The subcommittee's new higher estimates of Iraq's illicit gains are based on
evaluations of earlier studies by the Government Accountability Office, the
Pentagon, the Congressional Budget Office and Mr. Duelfer's Iraq Survey
Group, along with new information and a million pages of documents secured
by the Senate panel over its seven-month investigation.

Specifically, the panel estimated that Iraq made $3.9 billion from oil
smuggling before the oil-for-food program was created in 1996; $4.4 billion
in kickbacks on aid contracts; $241 million in illegal surcharges on the
sale of Iraqi oil; $2.1 billion from the sales of substandard goods under
the program; $9.7 billion from oil smuggling under the program; $405 million
from abuses in aid contracts in the northern, mostly Kurdish, part of Iraq
that Mr. Hussein did not directly control; and $403 million from the
investment of its illicit income overseas.
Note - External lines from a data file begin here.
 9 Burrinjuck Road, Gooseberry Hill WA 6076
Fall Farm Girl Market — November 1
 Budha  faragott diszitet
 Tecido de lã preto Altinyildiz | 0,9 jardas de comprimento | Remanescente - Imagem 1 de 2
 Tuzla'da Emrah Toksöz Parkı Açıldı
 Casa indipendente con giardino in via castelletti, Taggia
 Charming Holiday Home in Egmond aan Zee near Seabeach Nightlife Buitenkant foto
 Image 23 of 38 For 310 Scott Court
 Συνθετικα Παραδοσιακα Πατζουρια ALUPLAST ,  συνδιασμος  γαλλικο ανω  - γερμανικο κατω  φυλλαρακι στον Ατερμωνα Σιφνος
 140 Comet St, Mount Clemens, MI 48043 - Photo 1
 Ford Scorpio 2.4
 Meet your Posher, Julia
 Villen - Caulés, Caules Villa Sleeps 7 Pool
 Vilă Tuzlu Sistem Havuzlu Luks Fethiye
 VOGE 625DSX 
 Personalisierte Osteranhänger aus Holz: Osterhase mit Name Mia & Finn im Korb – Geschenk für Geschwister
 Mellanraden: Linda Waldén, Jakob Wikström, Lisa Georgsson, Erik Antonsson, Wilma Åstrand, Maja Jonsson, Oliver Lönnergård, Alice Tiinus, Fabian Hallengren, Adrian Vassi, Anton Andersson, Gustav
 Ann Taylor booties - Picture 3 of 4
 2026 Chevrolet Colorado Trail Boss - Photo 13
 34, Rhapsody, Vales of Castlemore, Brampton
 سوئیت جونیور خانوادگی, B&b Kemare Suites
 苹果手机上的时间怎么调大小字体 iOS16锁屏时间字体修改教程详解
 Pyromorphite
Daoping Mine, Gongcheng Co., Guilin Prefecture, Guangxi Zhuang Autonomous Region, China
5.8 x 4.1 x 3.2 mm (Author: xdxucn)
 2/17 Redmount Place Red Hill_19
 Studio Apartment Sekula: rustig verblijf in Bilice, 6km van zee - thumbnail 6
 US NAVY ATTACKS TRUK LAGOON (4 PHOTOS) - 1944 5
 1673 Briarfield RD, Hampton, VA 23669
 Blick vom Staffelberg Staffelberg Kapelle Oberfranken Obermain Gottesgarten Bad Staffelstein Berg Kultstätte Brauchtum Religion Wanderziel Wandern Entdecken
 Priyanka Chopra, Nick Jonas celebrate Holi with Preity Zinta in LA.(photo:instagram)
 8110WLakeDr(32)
The documents, some of which were released Monday, also show how Iraqi
officials, foreign companies, politicians and journalists benefited from Mr.
Hussein's efforts to undermine support for sanctions and secretly gain money
to build palaces and buy weapons.

Senator Carl Levin, Democrat of Michigan, the panel's ranking minority
member, said three-quarters of Iraq's illicit income came from trade
protocols with Jordan and Turkey that the Clinton and Bush administrations
had known about and "winked at" because support from those countries was
vital.

But Mr. Duelfer, in testimony before the Senate panel, insisted that
although the protocols provided Iraq with illicit income, Mr. Hussein was
successfully using illegal proceeds specifically from the oil-for-food
program to undermine support for the sanctions that the United Nations
imposed after Iraq's 1990 invasion of Kuwait.

Mark L. Greenblatt, a counsel for the Senate panel, said that beginning in
1998, Mr. Hussein had tried to "manipulate the typical oil allocation
process in order to gain influence throughout the world." Rather than let
traditional oil companies buy oil, he said, Mr. Hussein "gave oil
allocations to officials, journalists and even terrorists, who then sold
their allocations to the traditional oil companies in return for a sizable
commission."

A document released Monday showed such payments to a Syrian journalist,
Hamidah Nana, who said in an interview in 2003 that she was working hard to
get sanctions against Iraq lifted. When Ms. Nana made the statement, Mr.
Greenblatt said, she had already received oil allocations totaling 10
million to 12 million barrels of oil, and had made a profit, according to
Iraq's Oil Ministry, of $1.4 million from transfer of the vouchers to a
Panama-based company.

Steven Groves, another of the subcommittee's counsels, said documents showed
that Mr. Hussein had demanded kickbacks from companies who were supplying
Iraq with food and medical aid. His presentation focused on payments by
French and United Arab Emirates-based subsidiaries of the Weir Group, of
Glasgow, which produces industrial valves for the oil industry.